This explains why we have “databases” of listeners rather than “communities” of fans.

This explains why there’s so little opportunity to comment and share station content on our sites – and why so little of it is worth commenting about and sharing with others.

This explains why the average station hasn’t even bothered to create a Facebook landing page aimed at motivating “likes” (i.e., ongoing relationships).

This explains why our “email blasts” are impersonal and contest-oriented (when they’re not client-oriented) rather than value-oriented.

This explains why almost no station connects with Facebook such that I can experience your content with my friends and react to it and share it along with them.

That explains why joining a station “club” is something so few listeners care to do.  Check out this “why you should join” description from a real radio station site – a major group in a fairly large market:

Thank you for your interest in becoming a member. By registering with us, you can…

sign up to receive our members-only newsletters

enter online contests quickly and easily

enjoy other products and features we’ll make available over time

You can almost hear the collective ho-hum from here, can’t you?

Are there exceptions to all this?  Are there stations which “get it”?  You bet there are.  And the list will be growing in 2011.

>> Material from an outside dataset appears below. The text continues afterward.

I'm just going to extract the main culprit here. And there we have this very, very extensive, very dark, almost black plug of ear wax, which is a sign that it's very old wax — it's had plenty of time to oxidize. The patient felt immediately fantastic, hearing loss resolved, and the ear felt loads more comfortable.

But broadcasters need to wrap their heads around this notion:  Web “traffic” means people.  People coming to you because they want to – because there are reasons for them to come and come back – not because they have been “forced” to by your considerable on-air assets.  They come to interact and engage.  They come to share.

Not simply to passively consume what little content you post.  Not to see the umpteenth weather forecast or movie listings online.  Not to dodge countless banner ads which in too many cases outnumber the “content” they wrap around.

Before you monetize you must be worth monetizing.

And while you build an audience you must also build a community.

(For more trends that matter and ideas on how to do your job better, “like” me on Facebook or follow me on Twitter)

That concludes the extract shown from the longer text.